I've picked up a new hobby in the last month or so: running everything in the produce aisle through Lola's (my mother-in-law) abandoned juicer. I had seen a documentary (or perhaps it was a very cleverly-done infomercial) featuring some Aussie driving around the United States on a 60-day juice-only diet. Surely you've experienced television-induced food cravings? I think that's what happened. Good thing I wasn't watching Supersize Me. Or Charlie and the Chocolate Factory. The next weekend when I was visiting, Lola happened to mention she was planning on getting rid of her juicer, virtually unused because of the trouble required to clean it. Within the week, I was running all kinds of crap through that thing.

I like to go to the Oakton Market for groceries --especially produce -- because it's a very atypical grocery store (and much cheaper than the local grocery store). For one thing, the produce area occupies about a third of the store, and it has all kinds of random stuff you don't see elsewhere. This is related to the other characteristic I find interesting: the interior aisles are are basically organized by ethnicity. Greeks and Russians look on different shelves (and likely different aisles) to find something to spread on toast. The dedication to serving diverse ethnicities means that more obscure foodstuffs are a little more prominent. I don't know how I'd prepare a sheep's head, but I know where to get one. The last time I was there, loading up my cart with produce to run through the juicer, I bought some ground lamb (which I've seen at more conventional grocery stores, but can be harder to find). It was an impulse buy. I don't know if it's necessarily healthier than ground beef, but it seemed like an interesting change of pace. That left me with a problem of cooking it in such a way that didn't mask it.

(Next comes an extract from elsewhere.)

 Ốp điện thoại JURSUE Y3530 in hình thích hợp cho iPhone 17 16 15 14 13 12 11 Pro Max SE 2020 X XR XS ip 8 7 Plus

John suggested shepherd's pie, in which North Americans normally use ground beef, which as he pointed out, doesn't make a damn bit of sense: It's called shepherd's pie, not cowherder's pie. This brings me back to the juicer, which you probably thought was a very convoluted and unnecessary way to introduce the grocery store until this point. When you run stuff through the juicer, you get juice (obviously), and the pulp, from which the juice is separated. The juice you drink, but what do you do with the pulp? I hate wasting stuff. Some types of pulp lend themselves well with recipes: Juice a carrot and use the pulp for carrot cake. Peel and core an apple before you juice it and you're left with applesauce. This evening I decided the leftover beet, tomato, carrot and celery pulp would work well in my shepherd's pie along with some peas and corn. To be extra different, I topped my shepherd's pie with mashed potato/celery root which I cooked in the inaugural use of my new pressure cooker.

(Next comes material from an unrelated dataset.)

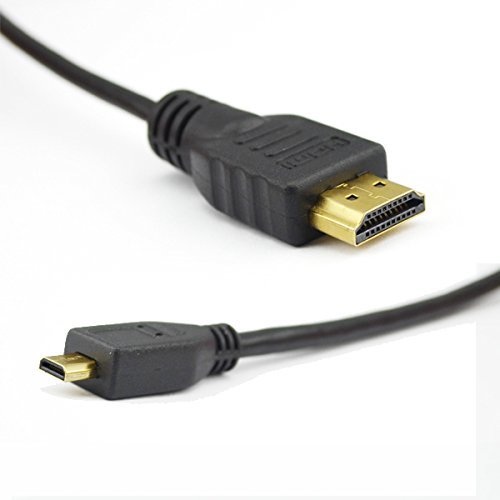 Laptone LCP2902 1m Premium Micro HDMI to HDMI Cable for Connecting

I won't go to the trouble of posting a recipe because vegetable pulp from a juicer requires some kitchen equipment that people don't really need (mine was free, after all), nor is mechanical mastication critical to the success of the meal. But if I may provide a quick sketch of a tasty shepherd's pie: 500g of lamb, browned in a skillet with ground rosemary, black pepper and salt, to which you add in a square casserole pan diced (or even splattered) vegetables such as carrots, beets, peas and corn, and which you top with a creamy mash of potatoes and possibly other white mashable vegetables such as celery root, turnip, parsnip or cauliflower. It was tasty, and having a wide assortment of vegetables probably makes it a good way to hit your vitamin quota across the board.

1 comments:

toad said...

http://en.wikipedia.org/wiki/Cottage_pie

I learned this from the Food Network a while back...before we moved to the east coast. They don't seem to like the Food Network out here.